◆ EXERCISE REQUIREMENTS: Leaving out all pictures, repeat exactly the lines from the one that holds "Designer Bracelets for" to the last line of the entries below.

[Scraped caption text data]
--------
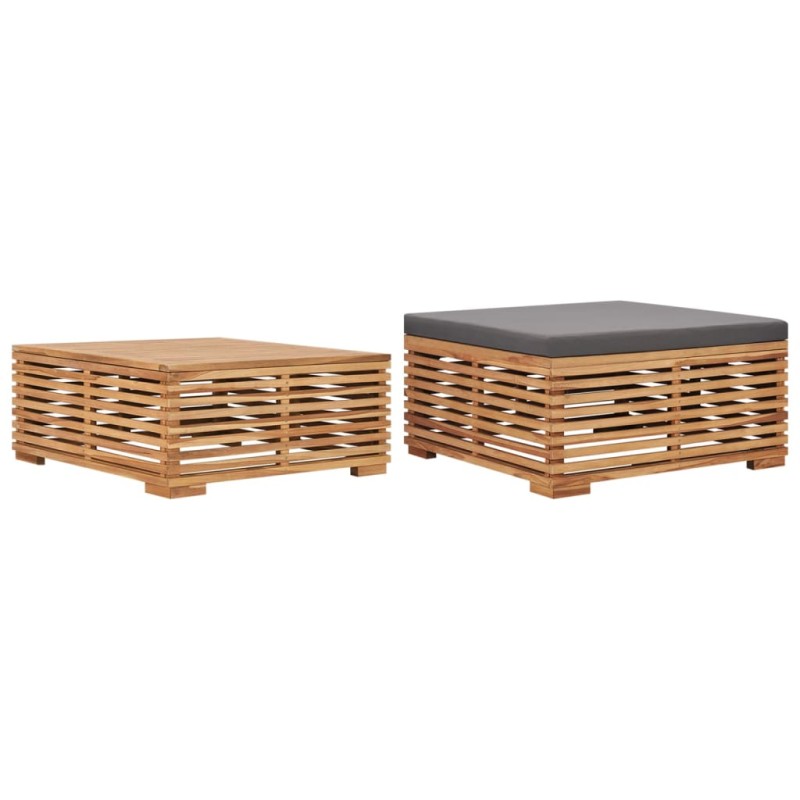 vidaXL Set de mesa reposapiés de jardín cojín gris oscuro madera teca vidaXL Set de mesa reposapiés de jardín cojín gris oscuro madera teca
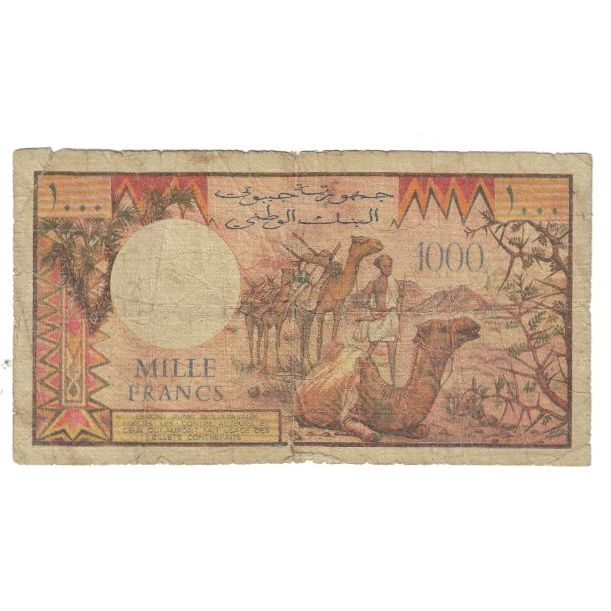 Banknote, Djibouti, 1000 Francs, KM:37c, F(12-15)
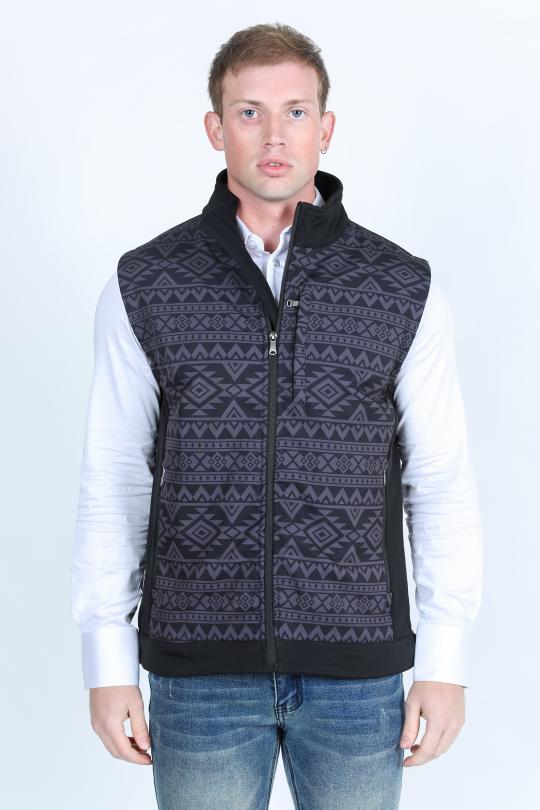 Mens Aztec SoftShell Concealed Carry Water - Resistant Vest - Black - Bumpkin Ranchwear
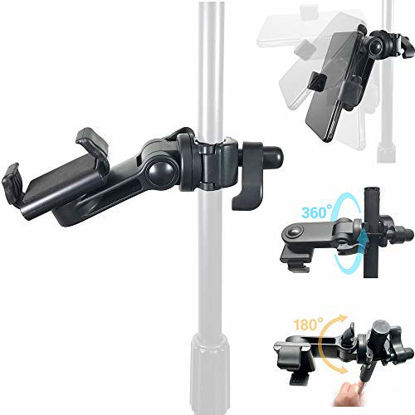 Picture of AccessoryBasics Music Boom Mic Microphone Stand Smartphone Mount w/360° Swivel Adjust Holder for All Smartphones up to 3.75 inches Wide (Zoom Video Compatible)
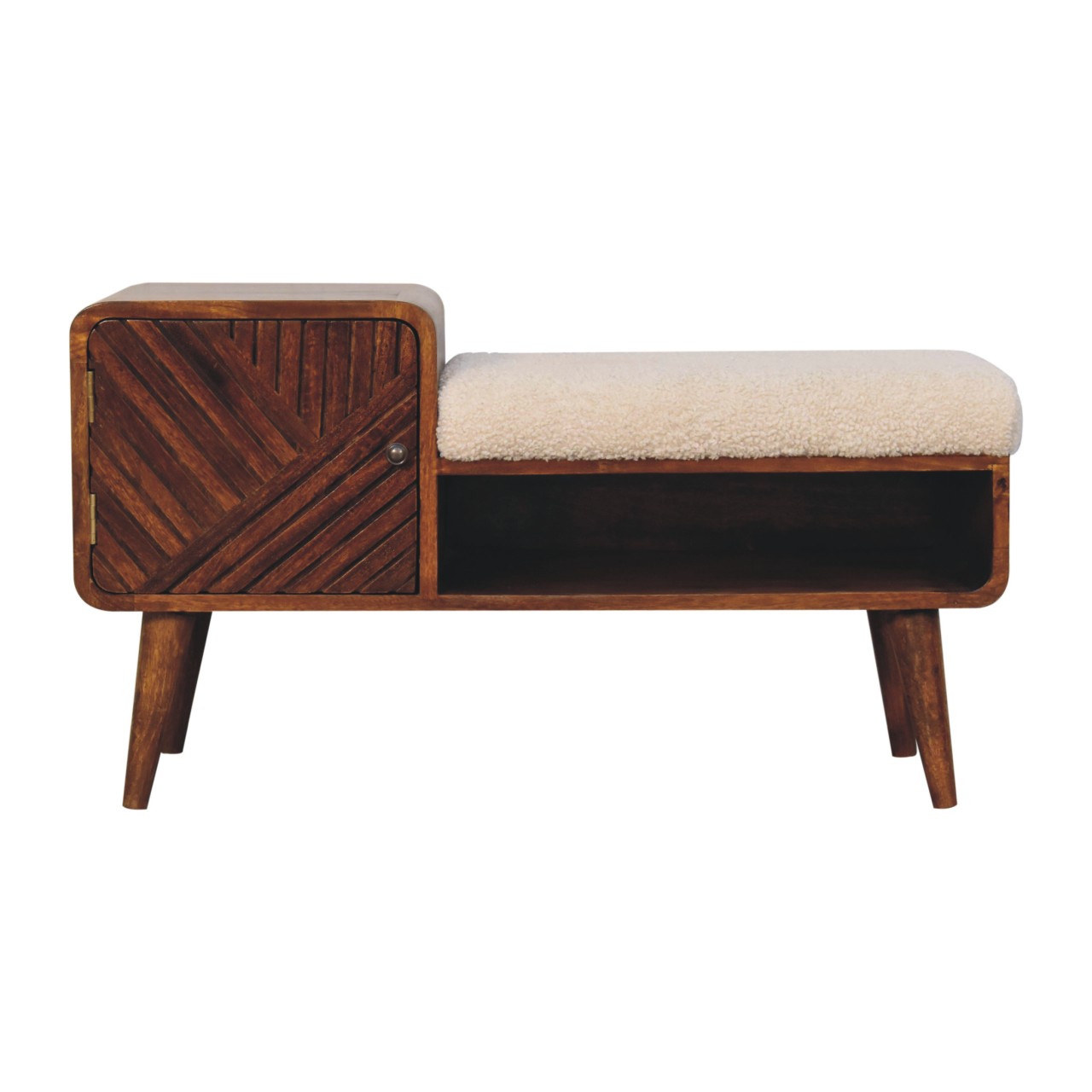 Brown Boucle Storage Cabinet - Nora Lane Home furniture - Solid wood, Upholstered - 15.75 x 39.37 x 13.78 in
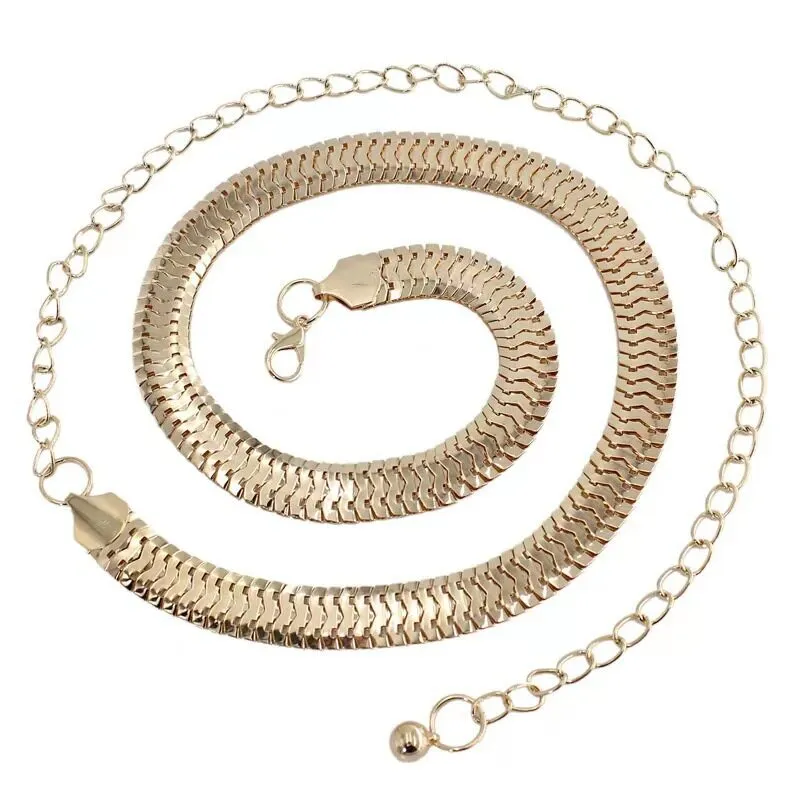 Fashion Women Belt Simple Chain Lady High Waist Gold Belts
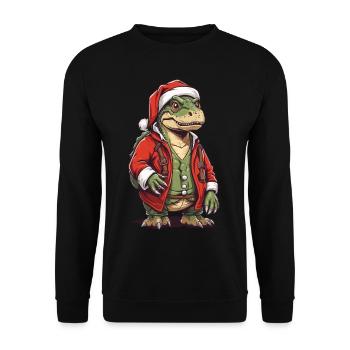 Christmas T-Rex Santa Claus Fun - Unisex Sweatshirt - black - Front - Alina (178cm) & Michal (187cm)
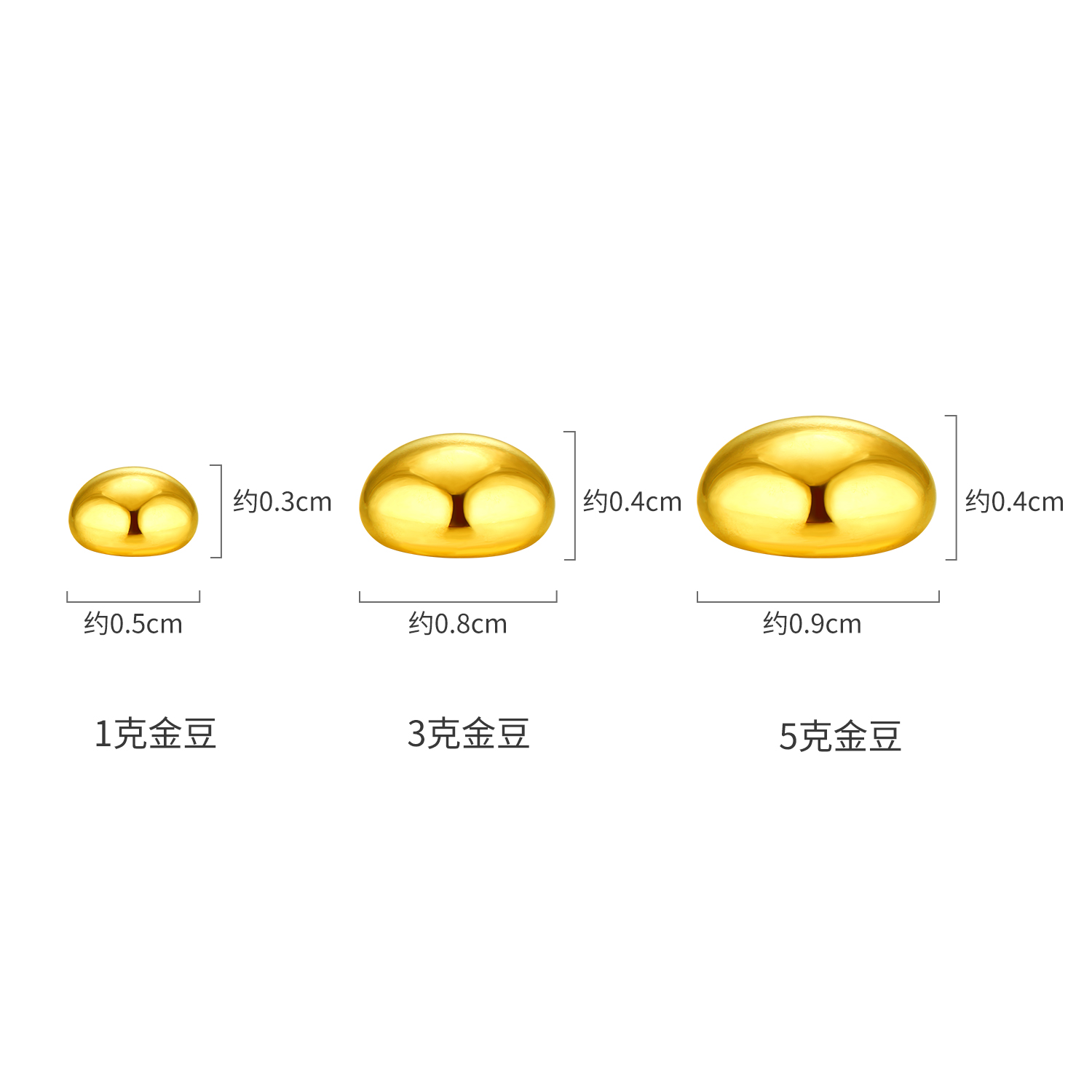  六福珠宝运财进宝投资黄金元宝1g3g5g葫芦摆件小金豆计价010671JA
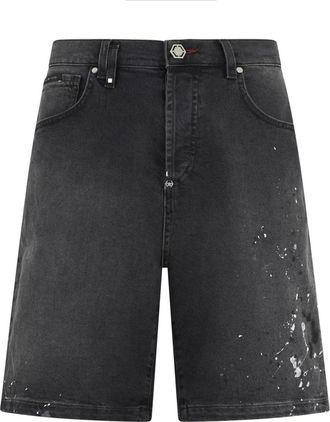 Philipp Plein Denim Shorts - Heren - Denim shorts - Zwart - W36 - Denim - Korte Broeken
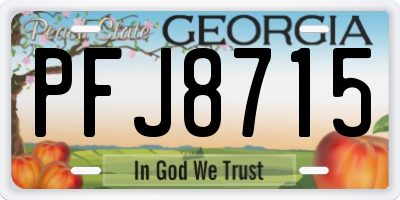 GA license plate PFJ8715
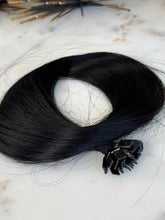 Load image into Gallery viewer, TEREECE black 18-inch K-tip hair extensions, close-up view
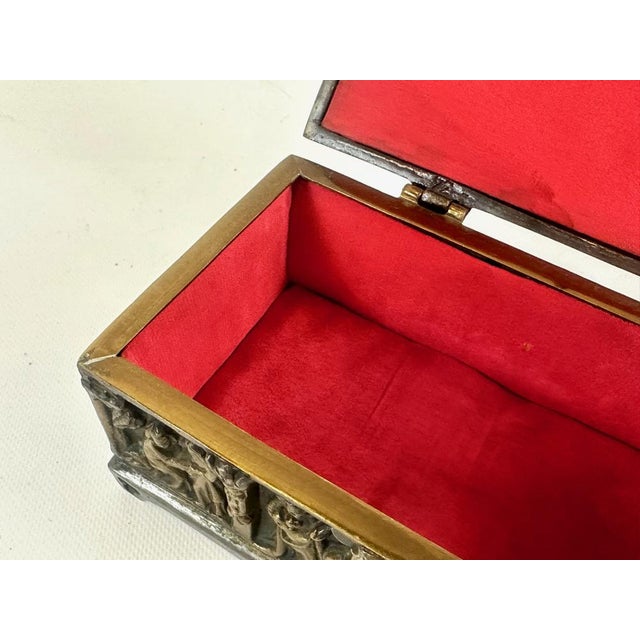 Antique Gothic Revival Bronze Jewelry Box with Religious Scenes, 19th Century For Sale - Image 13 of 16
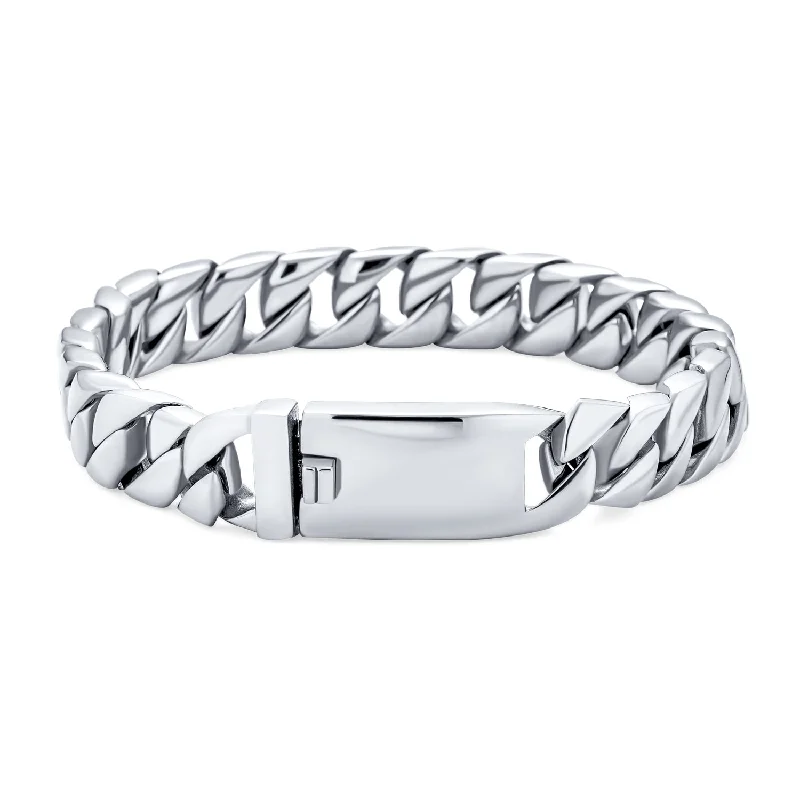 Designer Bracelets for Women-Heavy Miami Curb Chain Link Bracelet Silver Tone Stainless Steel 10MM Men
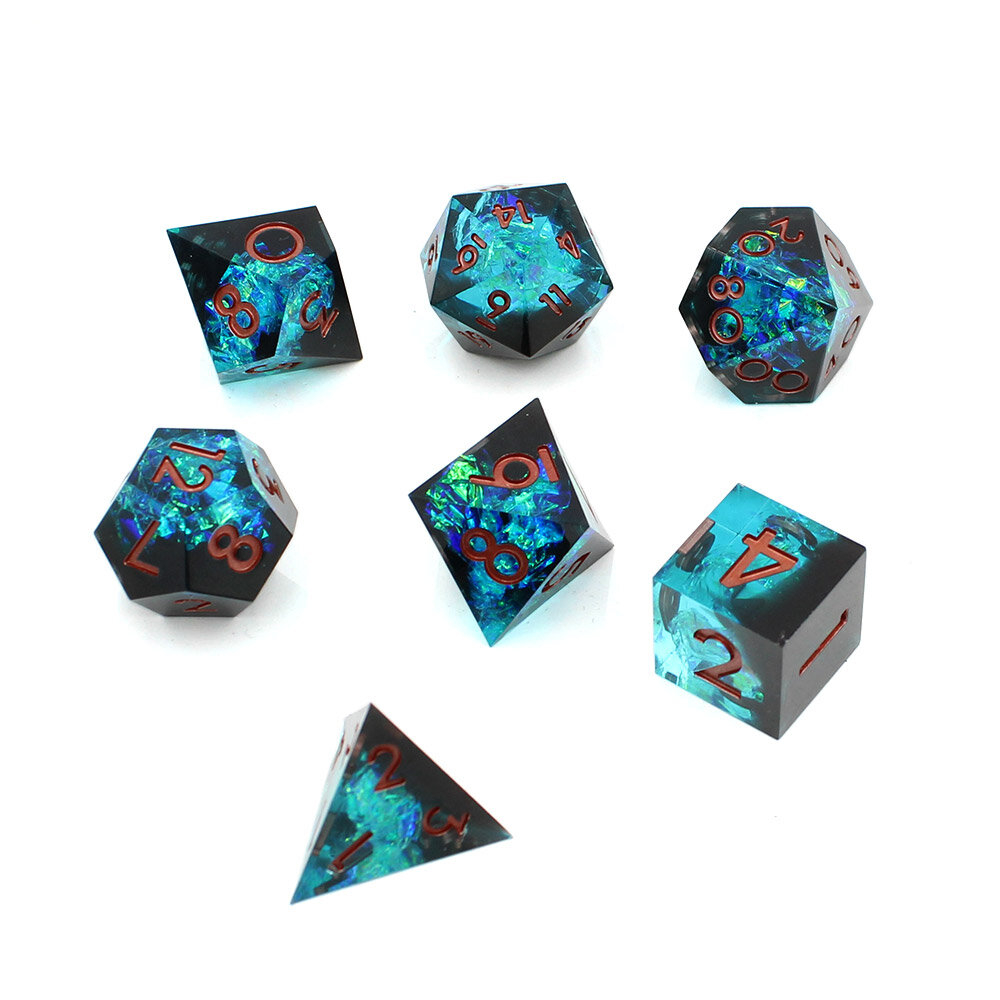 Zestaw kości wielościennych RPG holograficzne premium ostre DnD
--------
◆ REPLY TO THE TASK:
 Designer Bracelets for Women-Heavy Miami Curb Chain Link Bracelet Silver Tone Stainless Steel 10MM Men
 Zestaw kości wielościennych RPG holograficzne premium ostre DnD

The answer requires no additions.